Offensive Security Analyst II

About The Position

Requirements

• Bachelor's degree in Computer Science, Information Security or other related field preferred or 3+ years’ required experience in related field.
• 3+ years of combined IT and security work experience with a broad range of exposure to systems analysis, application development, database design and computer/network administration.
• Minimum 2+ years experience in Information Security required.
• Basic experience using penetration testing security tooling, such as Kali Linux.
• Basic experience using Burp suite or similar web application hacking tools.
• Basic experience using command and control frameworks such as Cobalt Strike.
• Basic experience with programming/scripting languages: e.g.

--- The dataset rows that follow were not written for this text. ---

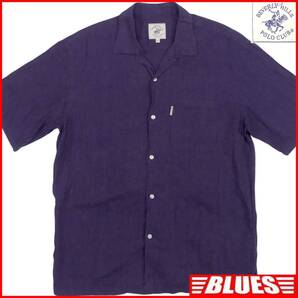 即決★POLO CLUB★アロハシャツ XL 半袖シャツ パープル 無地 開襟シャツ リネン調 紫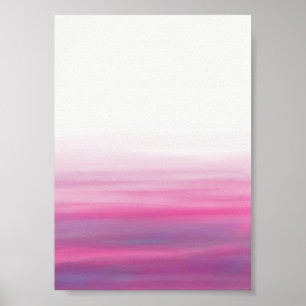 Poster Ondas Aquarela Rosa Roxo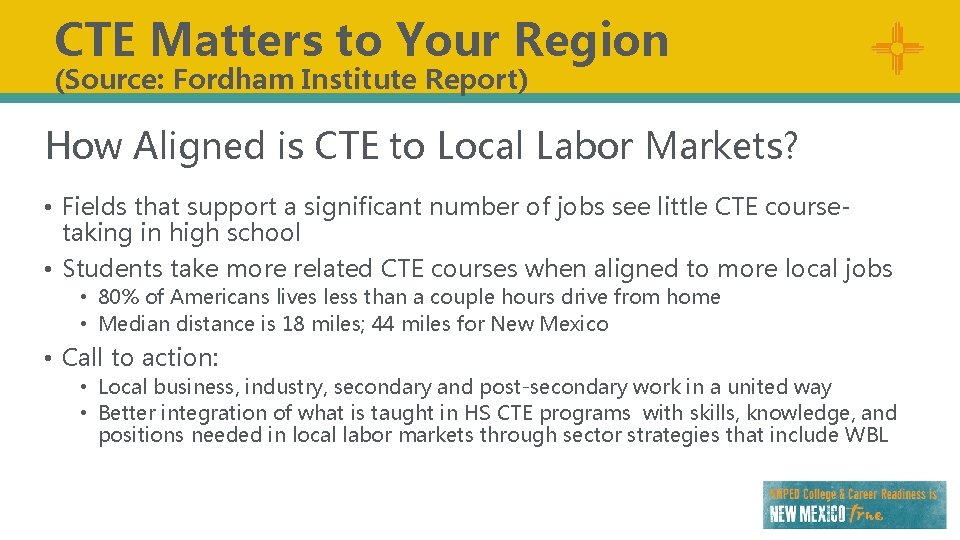 CTE Matters to Your Region (Source: Fordham Institute Report) How Aligned is CTE to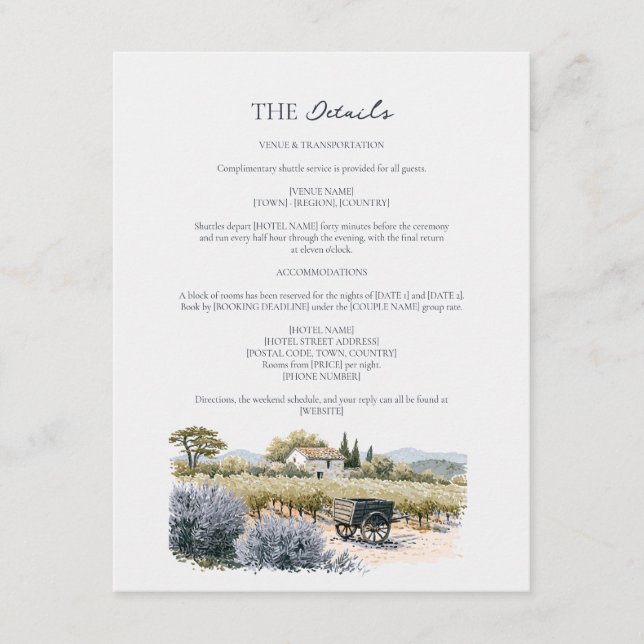 Provence Vineyard Wedding Details Enclosure  Card (Front)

Python, PowerShell.
• Basic experience bypassing controls such as antivirus or web application firewalls.
• Basic knowledge of networking concepts protocols and encryption.
• Basic knowledge of Active Directory discovery, enumeration, and exploit methods.
• Basic knowledge of application security best practices and tools.
• Basic knowledge of operating system best practices and tools.
• Basic knowledge reading/writing/modifying malicious code.
• Excellent time management and ability to track and deliver on commitments.
• Excellent adaptability and ability to learn complex technical skills quickly.
• Excellent written and verbal skills.

Nice To Haves

• OSCP, CRTO, GPEN or other penetration testing or red team certification(s) preferred.

Responsibilities

• Perform penetration testing of company owned application, networks, and systems.
• Perform web application and cloud discovery, enumeration, and exploitation.
• Assist in red team operations and adversary emulation exercises.
• Assess and communicate the operational risks of exploitation.
• Create testing plans and methods to find and confirm vulnerabilities.
• Scope and assess the time needed to complete operational testing tasks.
• Modify and adapt public exploit code and tools to meet operational requirements.
• Utilize and develop automation where possible to save time and gain efficiency.
• Serve as a subject matter expert to the organization for offensive security topics.
• Provide expertise to security operations, threat intelligence, and forensics, as needed.
• Work independently and troubleshoot technical and business process related issues.
• Experience supporting a variety of different offensive engagements for a large enterprise.
• Ability to present complex topics, simply, to varying levels of the organization.

Benefits

• group health insurance benefits (medical, vision, dental)
• FSA and HSA healthcare accounts
• life and accident insurance
• adoption and fertility assistance
• paid parental leave of up to 6 weeks
• short/long term disability
• paid time off for vacation, personal needs, and sick time
• up to 11 paid holidays per calendar year
• 401(k) savings and investment plan or deferred compensation plan (if eligible), with an employer match of 100% on the first 3% of your contributions for eligible employees.